The ROE are intended to prevent tragedies such as that of February 2012. Two Indian fishermen mistaken for pirates were shot to death in international waters, but not by privately contracted guards (who have been disparaged in UN circles as “cowboys” and “mercenaries”); rather, by two Italian marines assigned to guard an Italian-flagged crude oil tanker. The two servicemen were charged with murder in India, according to press accounts, and the incident soured relations between the two countries.

A close call
Somali pirates have, in fact, captured a “floating bomb.” The LPGC MV York was hijacked in October 2010 as it sailed with a load of propane to the Seychelles after making a delivery at Mombasa, Kenya.
According to online news reports and industry information, the York was intercepted about 200 miles from Mombasa by pirates from a mother ship—a South Korean fishing boat that had been hijacked.

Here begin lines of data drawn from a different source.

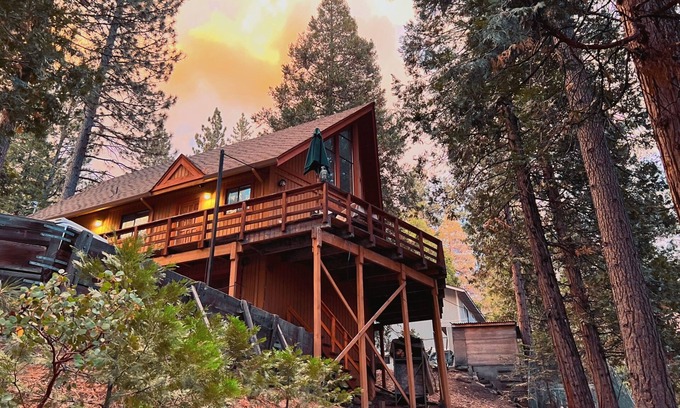 Cold Springs Cabin | <15min to Dodge Ridge. Cozy cabin with game room, fire pit and wifi!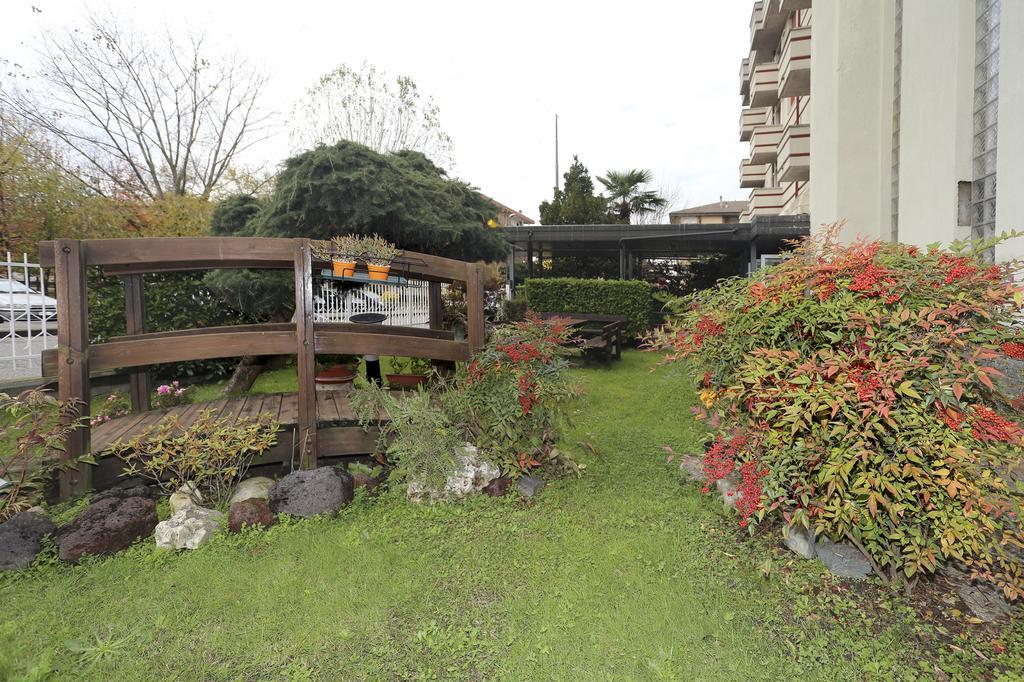 Hotel Residence Sogno 노바라 외부 사진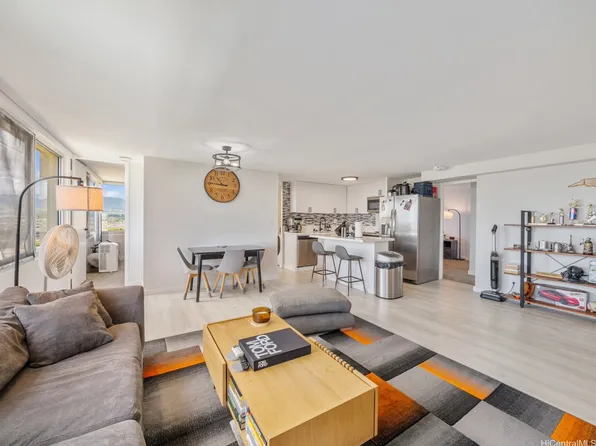 1060 Kamehameha Hwy APT 3201A, Pearl City, HI 96782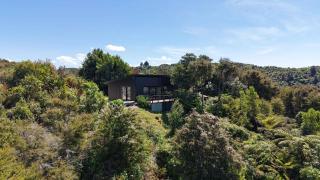 Golden Bay Heights - Luxury Accommodation - 7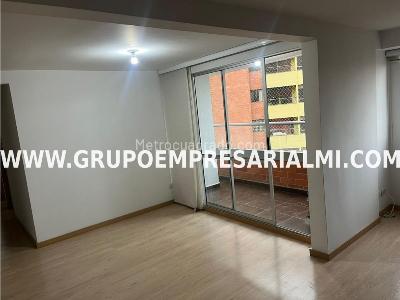 Apartamento de 3 alcobas en venta en Aves Maria, Sabaneta, 75 m² · foto 13 de 20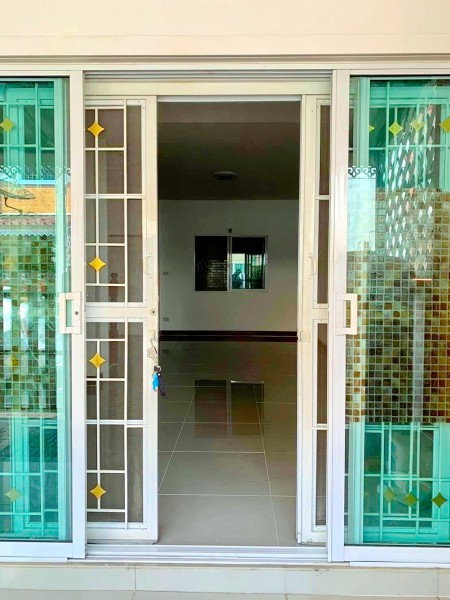 รูป ใกล้รร.วัดบางปิ้ง 700 ม 20 ตร.ว.160 ตร.ม กระทุ่มแบน สมุทรสาคร คลองมะเดื่อ ให้เช่าทาวน์โฮม 2 ชั้นหลังมุม 3 นอน 2 น้ำ - รูปที่ 2/8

The Greek-owned, Singapore-flagged LPGC itself became a pirate mother ship for a few months. Anti-piracy authorities coined a term for this new threat: “large pirate support vessel.” Pirates released the York and its 17 crewmen in March 2011. The ship had no armed security guards aboard when it was hijacked. Privately contracted MARSEC teams in the HRA have had a 100 percent success rate in the protection of their clients, according to maritime records. Further, the heyday of Somali piracy seems to have passed. The numbers of approaches by skiffs and outright attacks and boarding attempts are dropping, according to online reports.

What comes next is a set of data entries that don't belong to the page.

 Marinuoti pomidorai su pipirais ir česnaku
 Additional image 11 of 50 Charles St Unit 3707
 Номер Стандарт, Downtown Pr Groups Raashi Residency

“Somali pirates’ attacks on shipping plunged last year [2012] to the lowest since at least 2007 as increased use of armed guards and naval intervention deterred incidents in an area handling about $1 trillion in trade,” Bloomberg News reported on 16 January. “Attacks fell to 75 in 2012 from a record 237 in
the prior year, the London-based International Maritime Bureau said. ... While the number of hijacked ships fell by 50 percent to 14, the threat of vessel seizures remains as pirates wielding automatic weapons and [shoulder-fired anti-tank rocket launchers] are still seeking targets, the piracy observer said.”

Analysts at the British maritime Web site OCEANUSLive.org recognized the positive trend even earlier, in November 2012: “The now much-vaunted success in the reduction of piracy in the Horn of Africa/Indian Ocean Region through the use of armed guards, better implementation of BMP4 and the naval presence nearer to the Somali coast continues to be effective.”

Even so, from a mariner safety standpoint it simply is unacceptable if even one LPG carrier is threatened with an RPG. The “floating bomb” scenario is yet another good reason for the extermination of piracy emanating from the failed state of Somalia.